- Directions -
From the first line to the last, set down the material exactly and drop every picture.

- Data to use -
________________
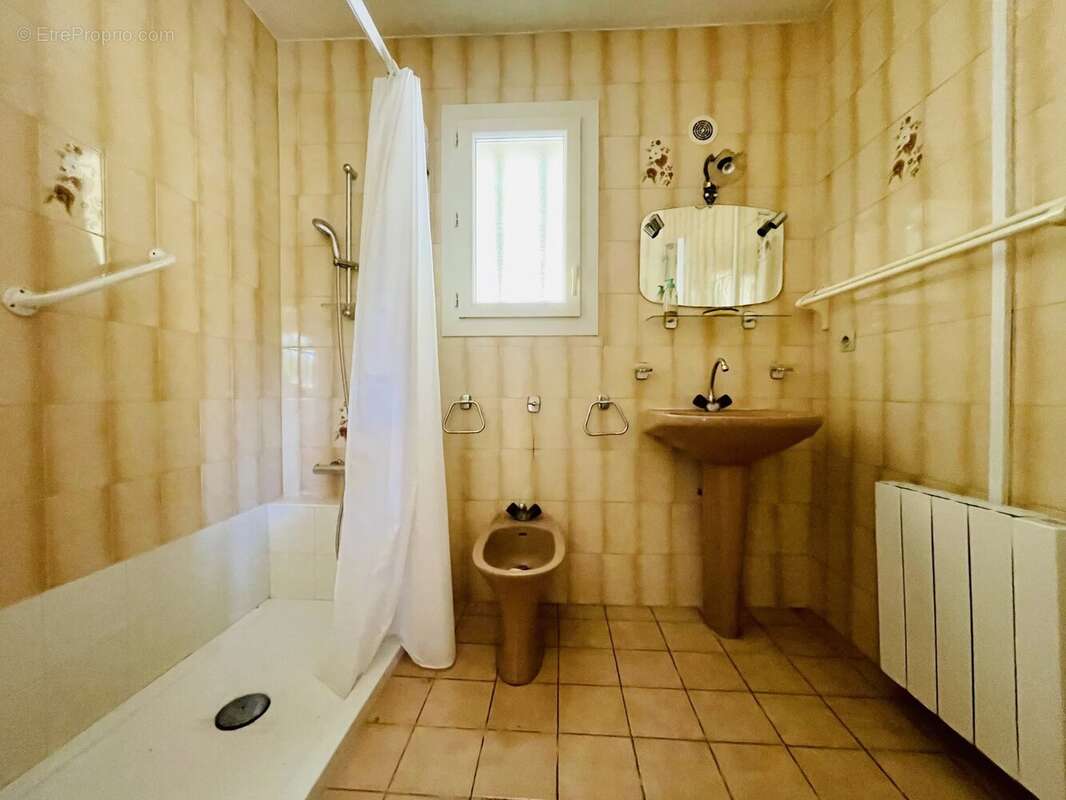 Maison à VAISON-LA-ROMAINE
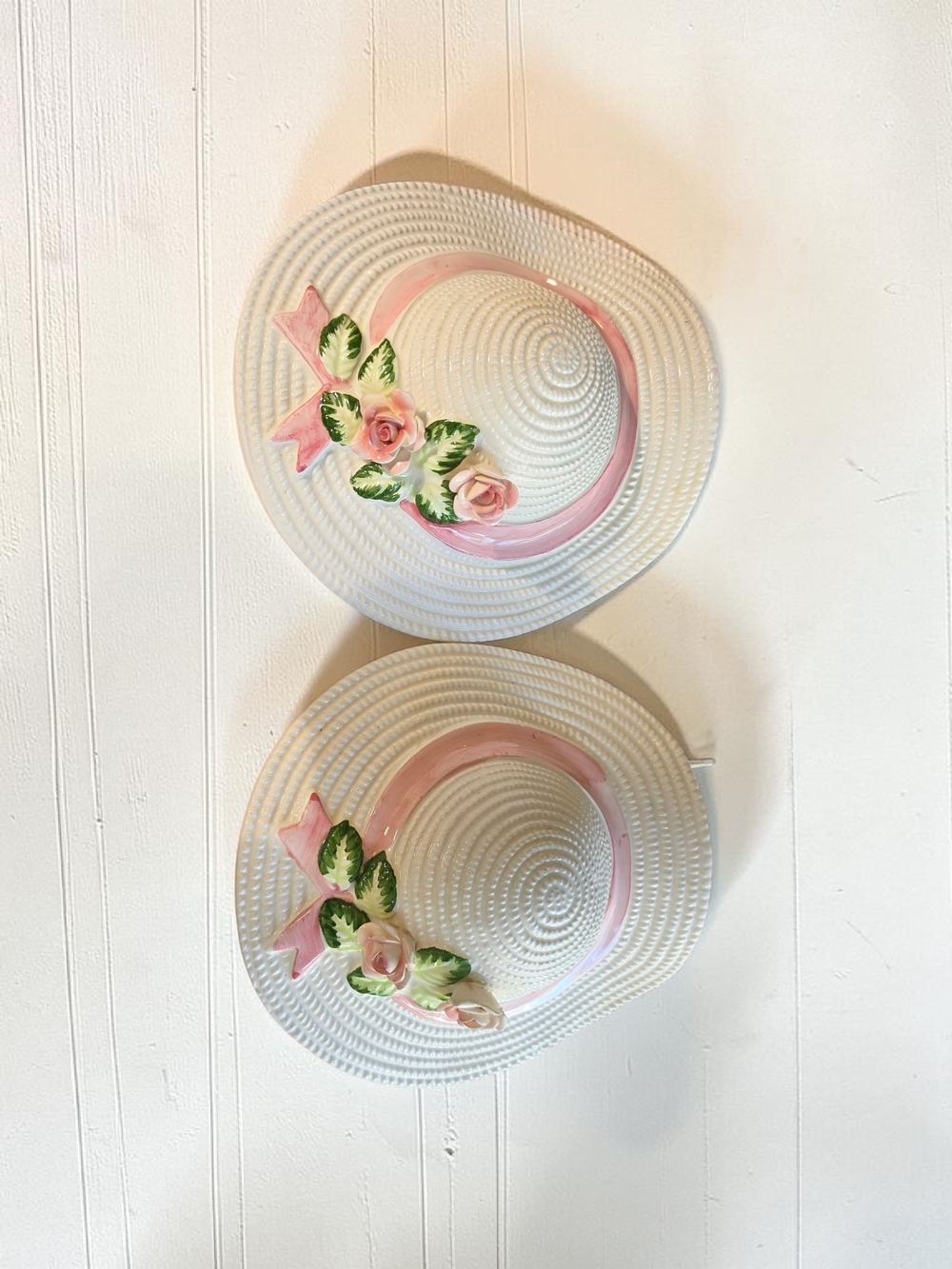Beautiful Ceramic Straw Hat Wall Pocket Planters Set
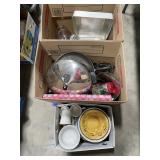 Kitchenware Bowls Plates Cookware Lot
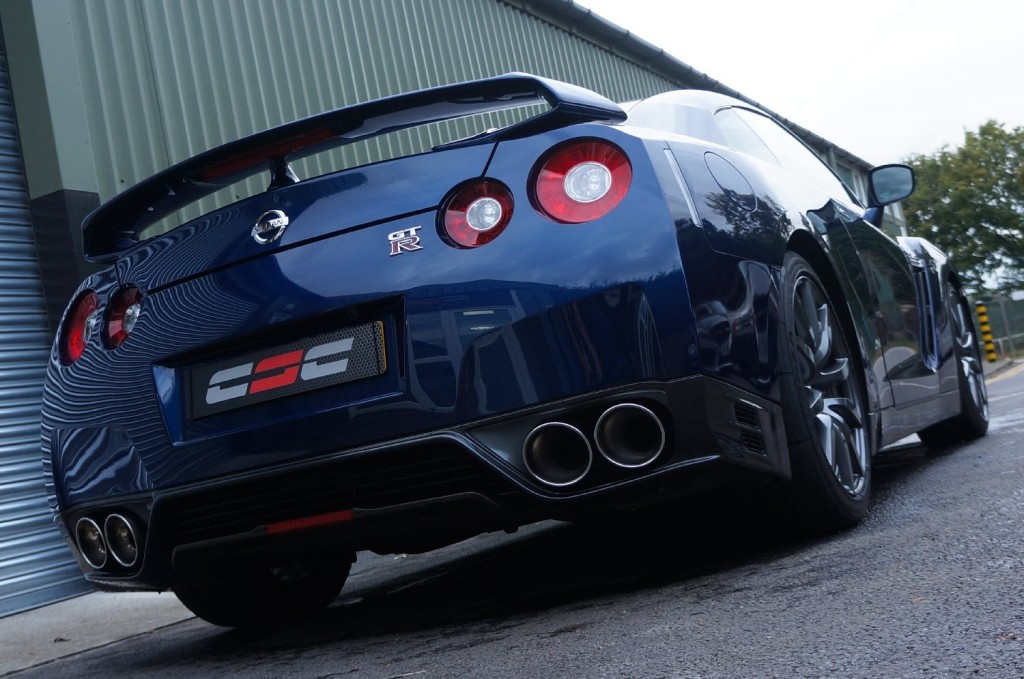 NISSAN GT-R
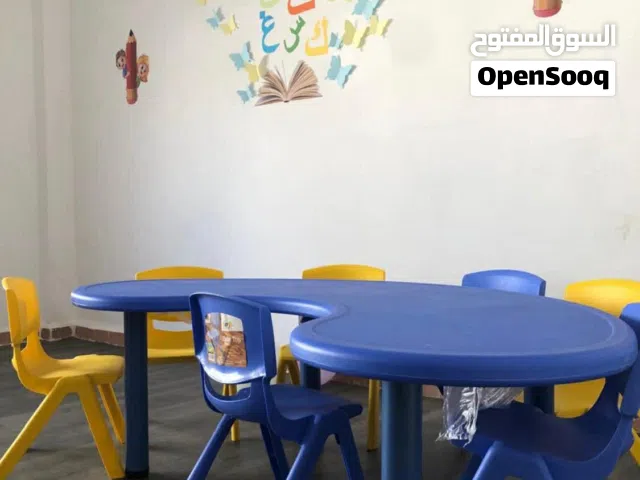 خدمة تجهيز مستلزمات روضه حضانة مدرسه  طاولة أطفال كدني عظم رجلين حديد 65 دينار ، كرسي عظم 4 دنانير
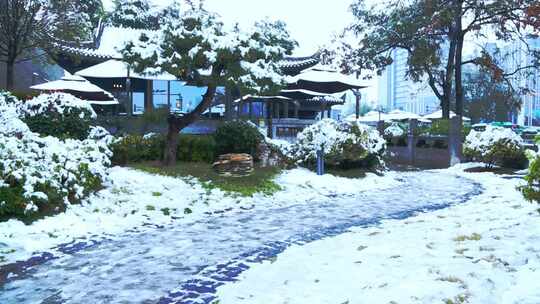 冬天唯美雪景落满雪的古建筑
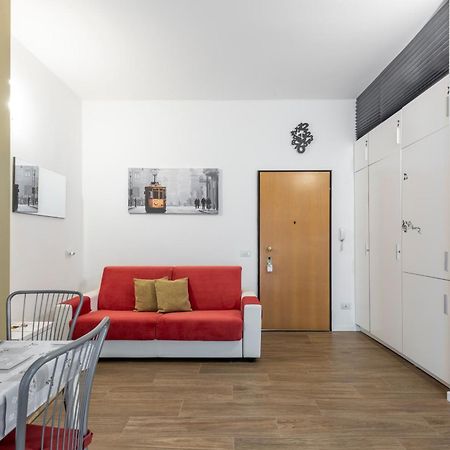 Lucky Flat, Un Momento Di Relax. Apartment Milan Bagian luar foto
________________
- Solution to the problem -
 Maison à VAISON-LA-ROMAINE
Beautiful Ceramic Straw Hat Wall Pocket Planters Set
 Kitchenware Bowls Plates Cookware Lot
 NISSAN GT-R
 خدمة تجهيز مستلزمات روضه حضانة مدرسه  طاولة أطفال كدني عظم رجلين حديد 65 دينار ، كرسي عظم 4 دنانير
 冬天唯美雪景落满雪的古建筑
 Lucky Flat, Un Momento Di Relax. Apartment Milan Bagian luar foto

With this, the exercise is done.